*** Material provided Section Begins ***
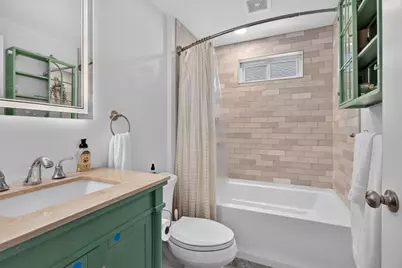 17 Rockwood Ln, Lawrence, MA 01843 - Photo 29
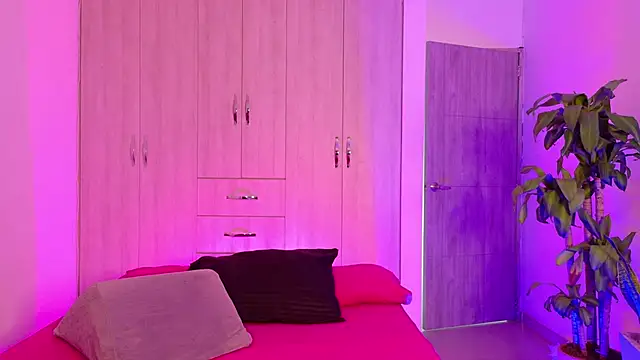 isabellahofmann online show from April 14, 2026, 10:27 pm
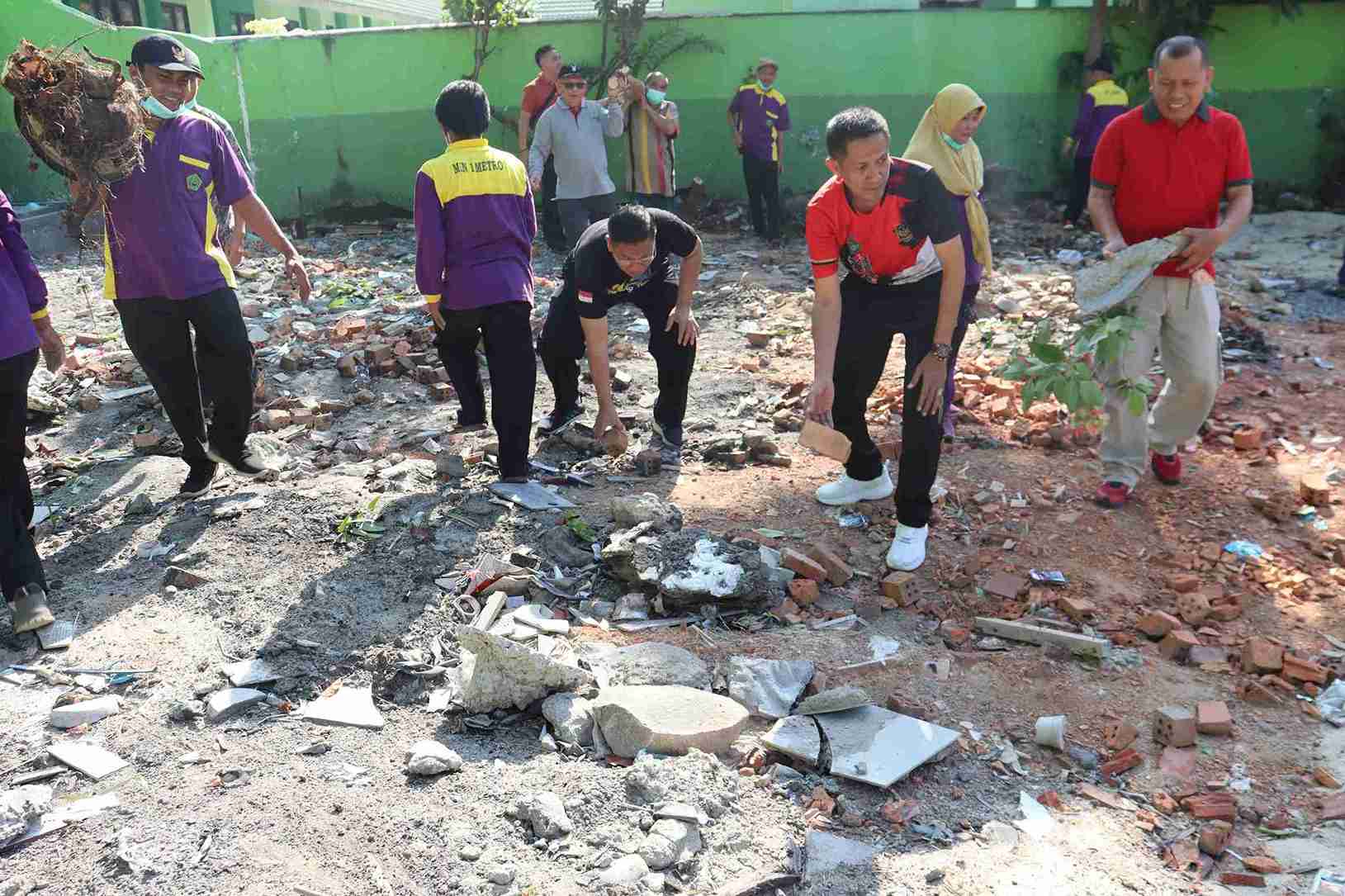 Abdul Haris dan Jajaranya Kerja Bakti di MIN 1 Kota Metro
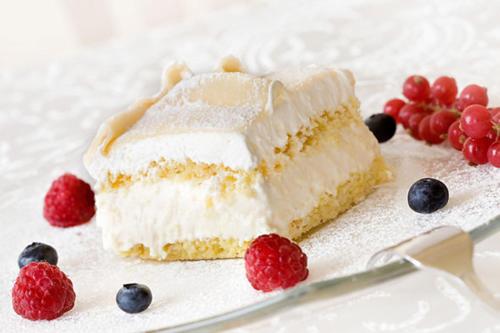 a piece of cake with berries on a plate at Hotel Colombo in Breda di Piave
*** Material provided Section Ends ***
Every line of the listing should be copied precisely, with images omitted.

 17 Rockwood Ln, Lawrence, MA 01843 - Photo 29
 isabellahofmann online show from April 14, 2026, 10:27 pm
 Abdul Haris dan Jajaranya Kerja Bakti di MIN 1 Kota Metro
 a piece of cake with berries on a plate at Hotel Colombo in Breda di Piave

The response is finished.